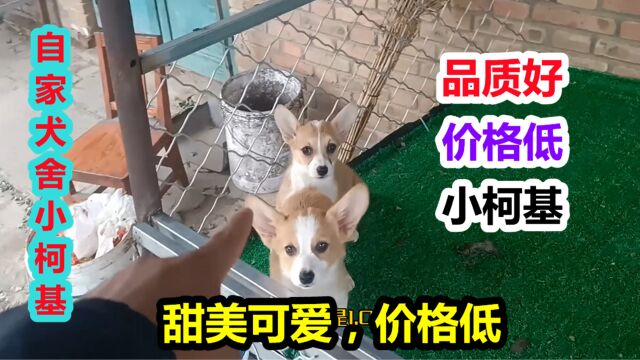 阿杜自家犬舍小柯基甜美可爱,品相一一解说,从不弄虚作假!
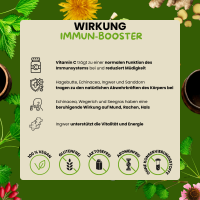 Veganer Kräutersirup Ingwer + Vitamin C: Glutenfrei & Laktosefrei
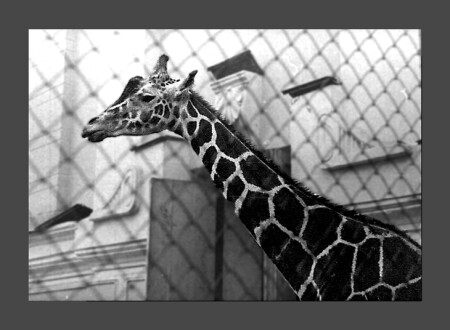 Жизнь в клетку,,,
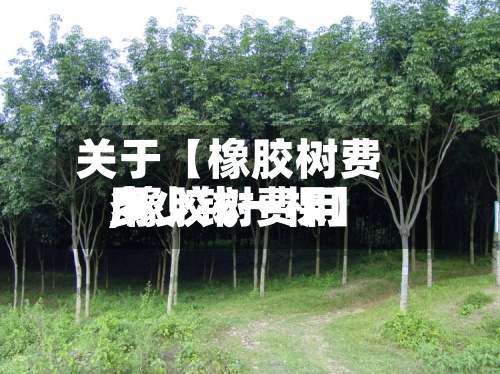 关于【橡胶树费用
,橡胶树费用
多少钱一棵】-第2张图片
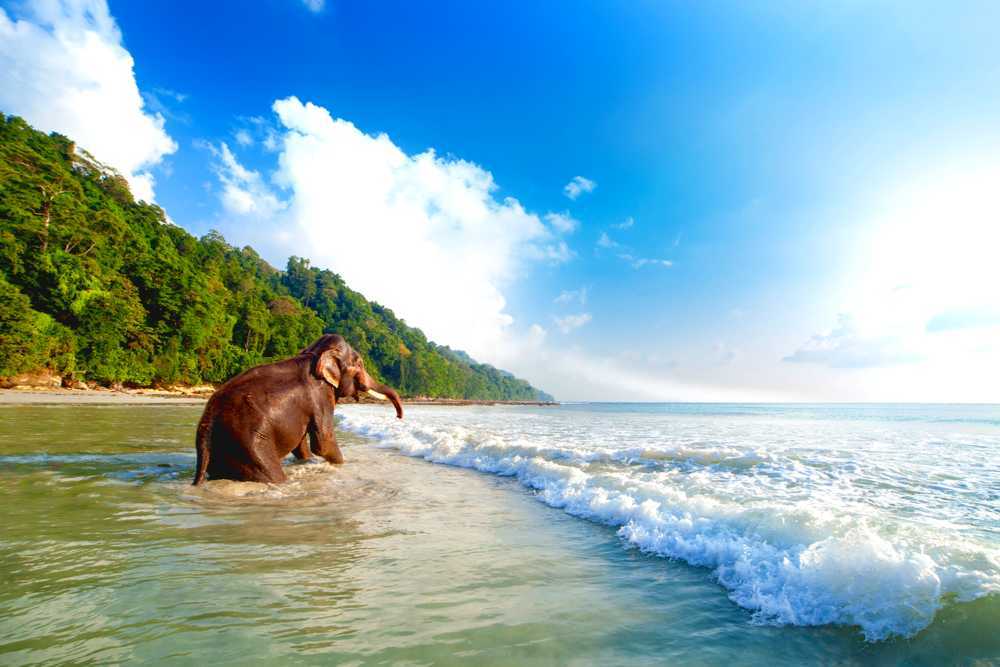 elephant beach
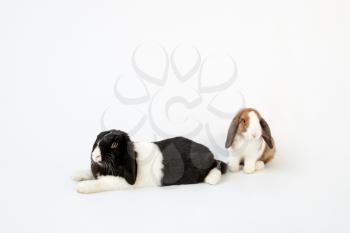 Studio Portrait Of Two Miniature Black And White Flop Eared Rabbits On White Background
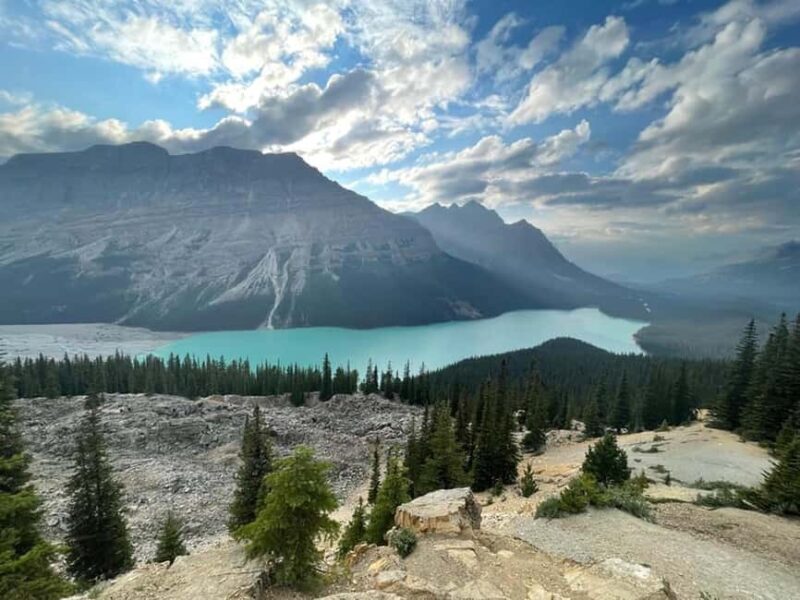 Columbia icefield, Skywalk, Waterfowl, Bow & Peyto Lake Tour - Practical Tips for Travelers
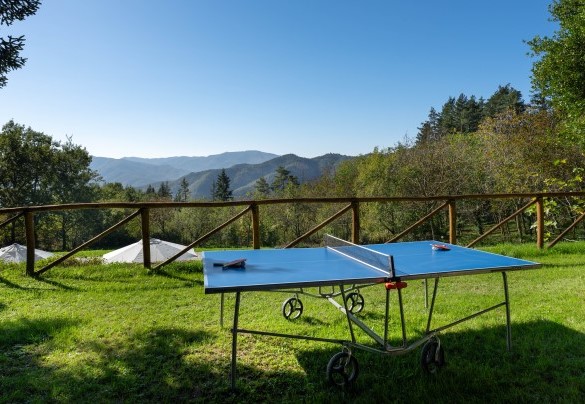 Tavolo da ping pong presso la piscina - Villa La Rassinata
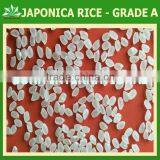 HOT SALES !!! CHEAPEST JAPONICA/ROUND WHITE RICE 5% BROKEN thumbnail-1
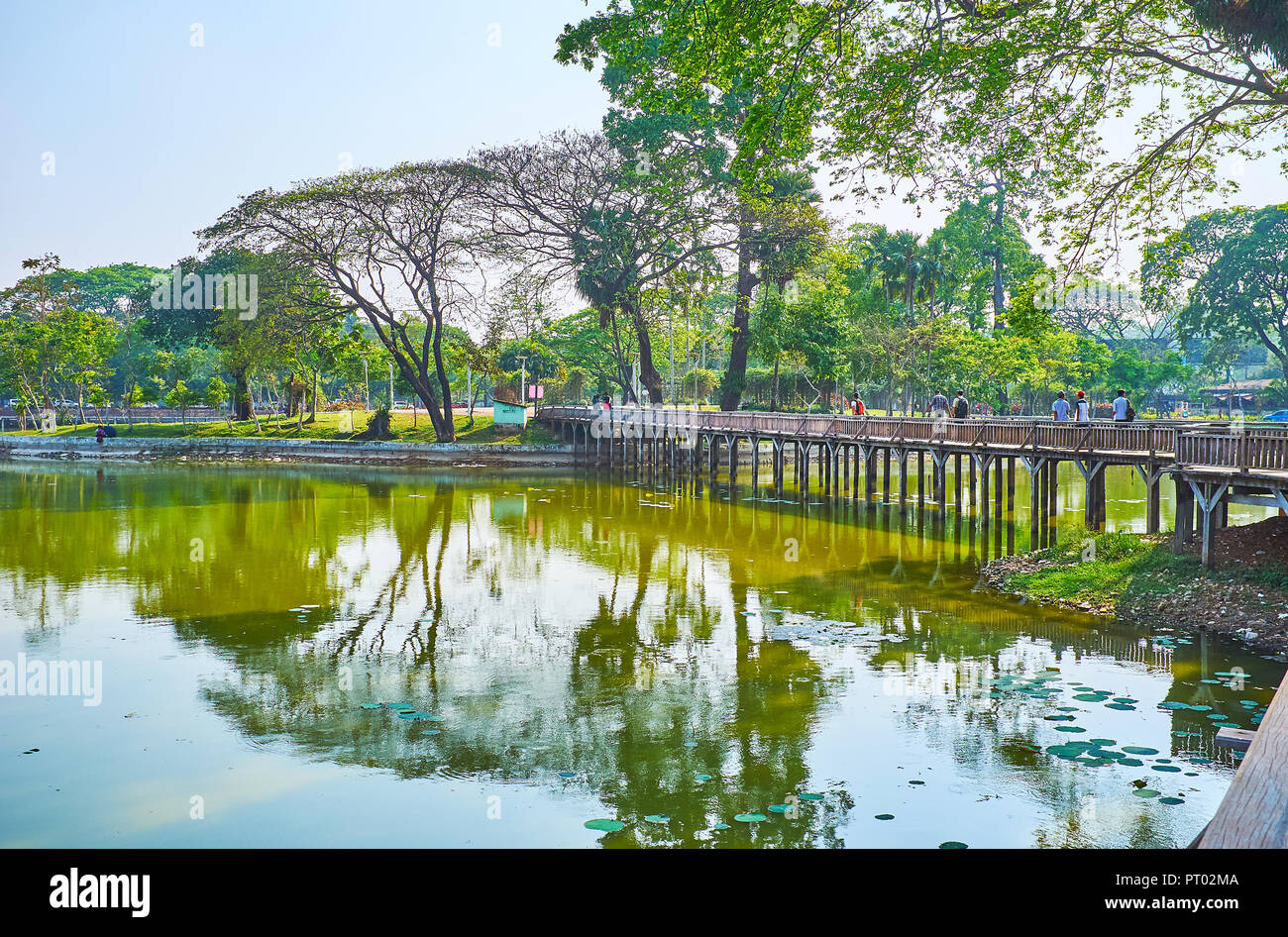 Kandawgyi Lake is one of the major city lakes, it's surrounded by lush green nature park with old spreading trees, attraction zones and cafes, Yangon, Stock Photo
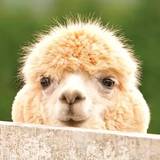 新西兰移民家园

____________________

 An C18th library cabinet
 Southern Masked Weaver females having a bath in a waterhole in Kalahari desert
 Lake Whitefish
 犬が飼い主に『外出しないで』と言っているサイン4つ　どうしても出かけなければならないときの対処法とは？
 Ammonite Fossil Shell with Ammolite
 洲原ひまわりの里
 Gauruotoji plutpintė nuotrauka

____________________

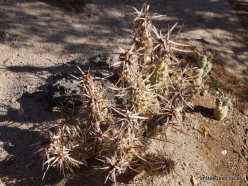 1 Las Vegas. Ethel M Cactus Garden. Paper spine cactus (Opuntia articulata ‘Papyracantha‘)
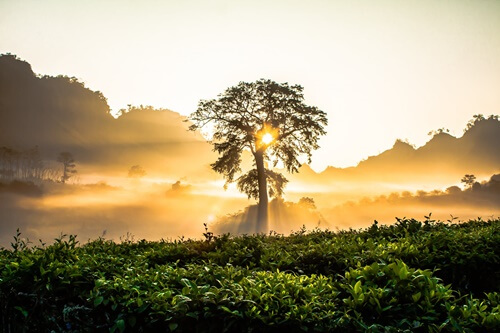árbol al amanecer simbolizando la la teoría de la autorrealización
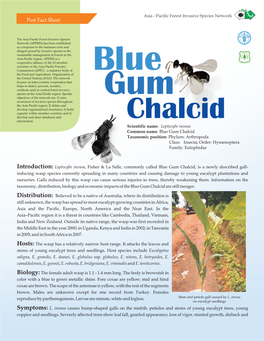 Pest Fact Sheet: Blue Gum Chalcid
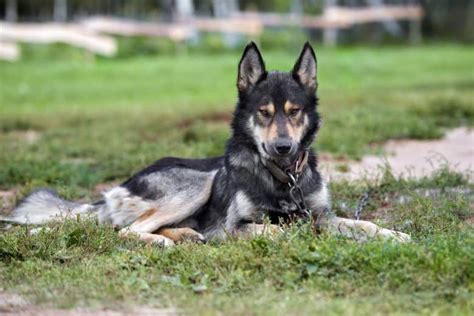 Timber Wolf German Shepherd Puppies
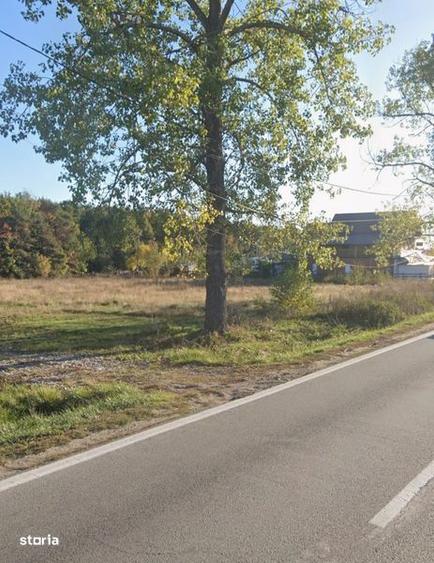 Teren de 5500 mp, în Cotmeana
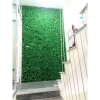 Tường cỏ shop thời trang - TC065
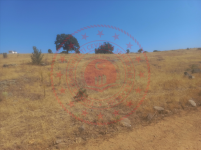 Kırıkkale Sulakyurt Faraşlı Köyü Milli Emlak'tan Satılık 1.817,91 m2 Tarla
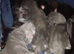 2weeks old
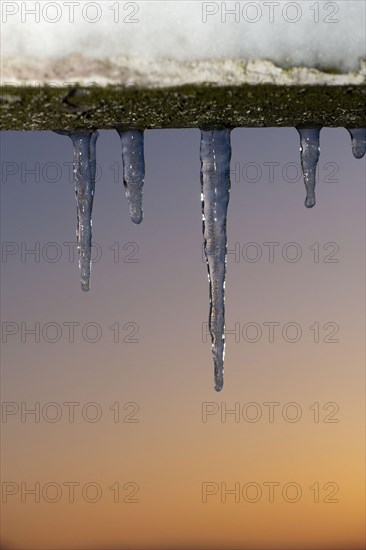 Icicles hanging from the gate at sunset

____________________

▶ [Action item] Taking the listing above as the source, transcribe only the lines starting at the line with "Lake Whitefish" and going through the line with "Gauruotoji plutpintė nuotrauka", unaltered and with both ends included.

▶ [Exercise output]
 Lake Whitefish
 犬が飼い主に『外出しないで』と言っているサイン4つ　どうしても出かけなければならないときの対処法とは？
 Ammonite Fossil Shell with Ammolite
 洲原ひまわりの里
 Gauruotoji plutpintė nuotrauka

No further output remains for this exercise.